Você chegou, parecendo a vida me dando olá e dizendo "as coisas nunca são como a gente espera, bobinha" e fez um verdadeiro reboliço dentro de mim. Resolveu provar que as coisas simples ainda fazem sentido pra algumas pessoas no mundo, que é verdadeiramente bom sentir que está enrubescendo da forma mais graciosa possível, que vale a pena sentir-se adolescente quando em vez, que nada muito sério consegue  ficar sem sorriso. 

O que fazer pra não permitir que se vá? 
Posso pedir que não vá?
Eu escolhi ficar aqui e acreditar que a vida pregou a peça mais bonita na gente.
Acabei por conhecer o lado bom dessa menina, a vida, que devia estar esperando o momento certo de sacar suas surpresas boas da bolsa e ir soltando-as todas de uma vez. 

Mas que se dane se isso por só um pico de felicidade! Seria capaz de suportar as tristezas mais profundas desde que você, sim, você esteja aqui. 
Que pelo menos você, seja aquela surpresa sem prazo de validade, imperecível, permante, meu, sem devolução ou troca. 

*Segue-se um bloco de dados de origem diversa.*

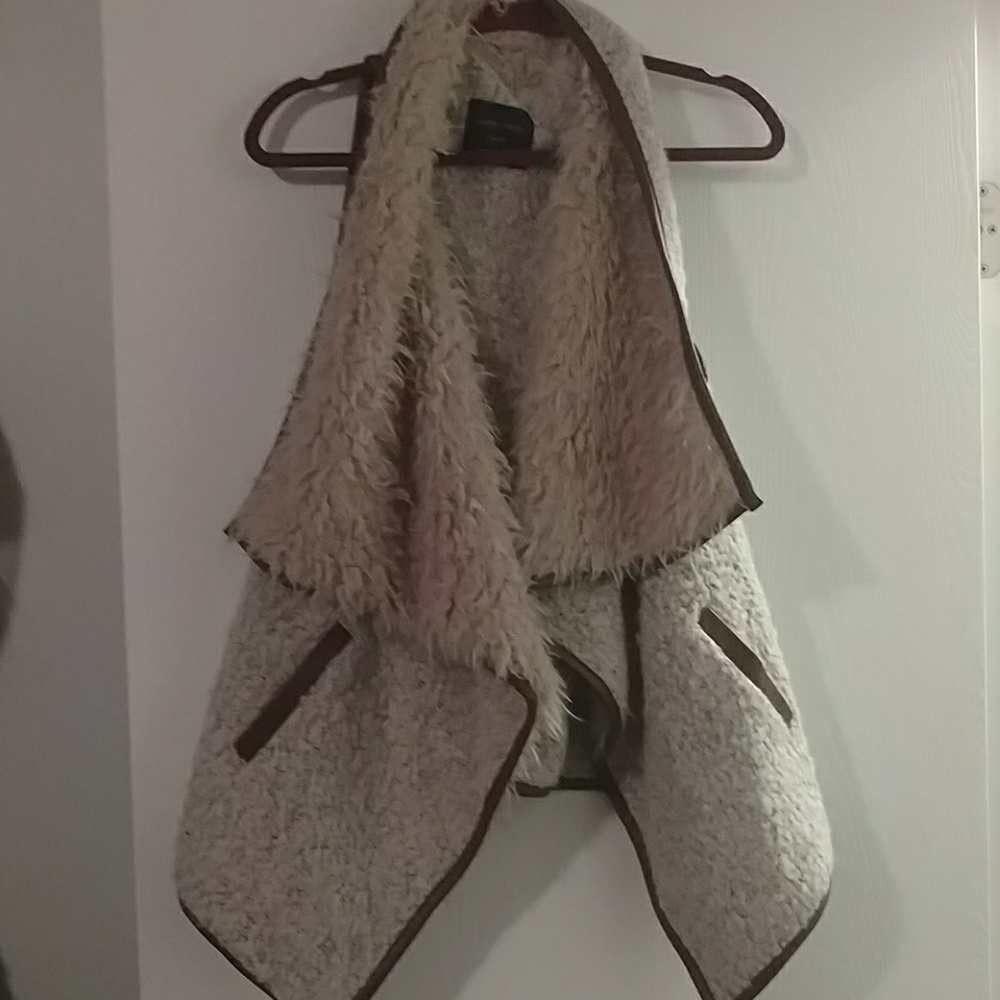 Sherpa heavy vest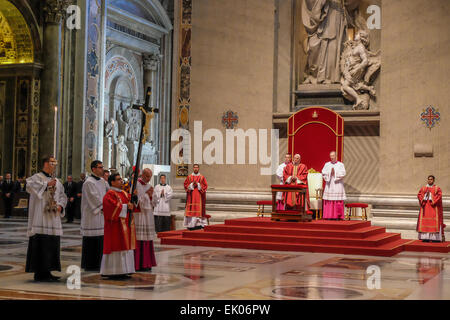 Vatikan-Stadt. 3. April 2015. Am Karfreitag feierte Papst Francis die Leidenschaft des Heiligen Petrus in der Basilika St. Peter. Feier der Passion in St. Peter - Celebrazione della Passion Credit: © wirklich Easy Star/Alamy Live News Stockfoto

Porque você, anjo, me faz querer o infinito, buscar as estradas mais distantes, as clareiras mais abertas e os gostos mais doces. 
Porque você, anjo, faz todos os riscos serem menores que a vivacidade da loucura.
Apenas me sinto viva e isso já é tão suficiente. 

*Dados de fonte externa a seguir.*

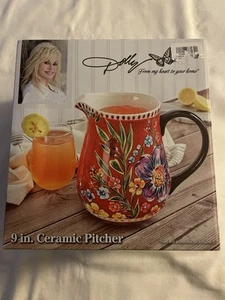 NUOVA in scatola Dolly Parton 9" rosso floreale 85 oz brocca ceramica campagna fattoria cucina - Foto 1 di 9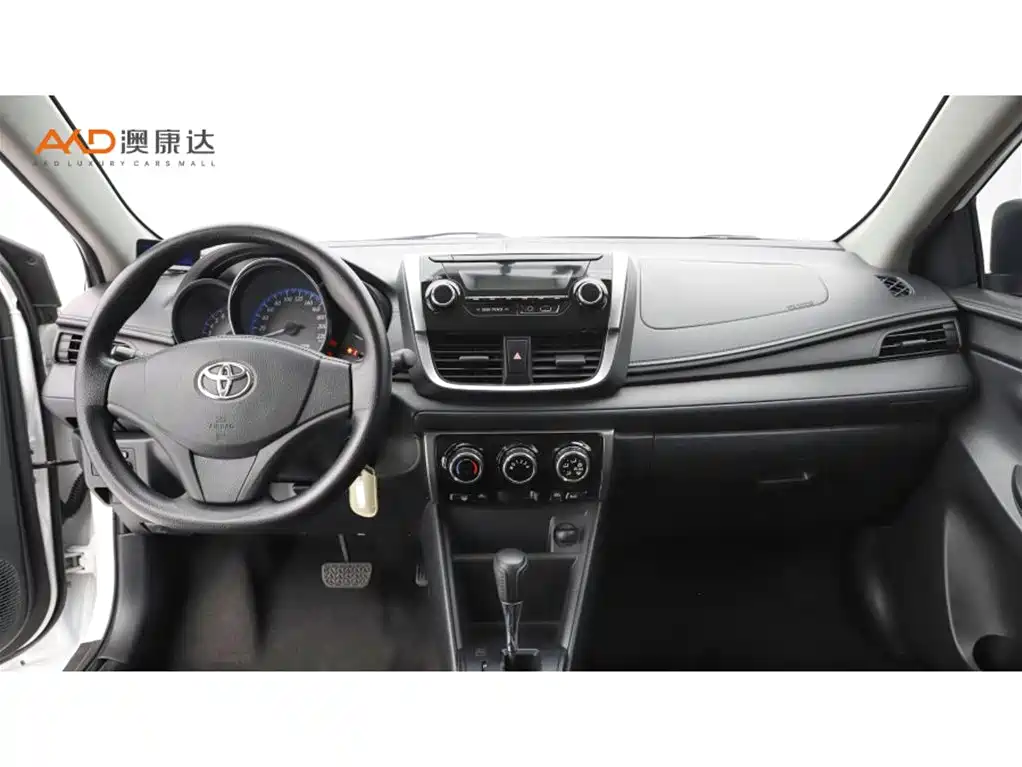 Toyota Yaris L — миниатюра 5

Eu amo você. Adoro você. Quero você. Sou de você. 
Segue...





segunda-feira, 6 de maio de 2013

Fora do tempo

Qual o sentido do tempo?
Não há mais.
Deixou de existir.
Foi-se.
Foi-se desde que as noites transbordaram e se misturaram com os dias mais claros. Desde que eu não me importo mais com o clima lá fora, aqui sempre está quente. Desde que você chegou aqui.
Dei pra sonhar.
Posso ficar dias sem alimentar-me com nada, além de você.
Me deixei ficar. Não soube dizer "não", na verdade, nem o quis. Ouvi-me como jamais me permiti antes.
Me diz, como querer sair daqui?
Se nunca uma prisão me pareceu tão boa, se daria a chave da solução do mundo para que não me deixes sair daqui e me ate a você.
Teu cheiro é inebriante, teu corpo atordoa.
Como foi que chegamos aqui mesmo?
Devagar, depressa, devagar, depressa.
Qual o significado disso?
Nos desatemos do tempo, deixe estar, deixe-me estar, aqui ou em qualquer outra prisão, "prisão livre".
Contrariedade sempre rimou com liberdade. 

sexta-feira, 26 de abril de 2013

Meio bom, meio mau.


É tanto sol lá fora que dá vontade de amanhecer-se em si.
Hoje acordei mais cedo, quis ver o dia correndo, as nuvens passando, o vento mudando de direção.
Botei meu óculos escuro, fui andar pela avenida, tanto prédio, tanta gente, tanta coisa e pressa.
Fixei-me a olhar pra frente, vi teu sorriso, mudou-se para dentro de mim com tanta pressa que não pude evitar, fiquei sem chão.
Teu cheiro sorri e sobrepõe-se a selva de pedra, és meu.
Danço entre pensamentos, meus lábios sorriem, meus olhos brilham e as palavras tuas soam para mim com toda a malemolência de um conquistador barato.
Mas quero-te assim mesmo. Meio bom, meio mau, mau no boníssimo sentido que se pode ser.
Se suas palavras dançam sobre mim, deixo que as minhas dancem sobre você.
Vamos dançar? Que saiam as palavras e entremos nós.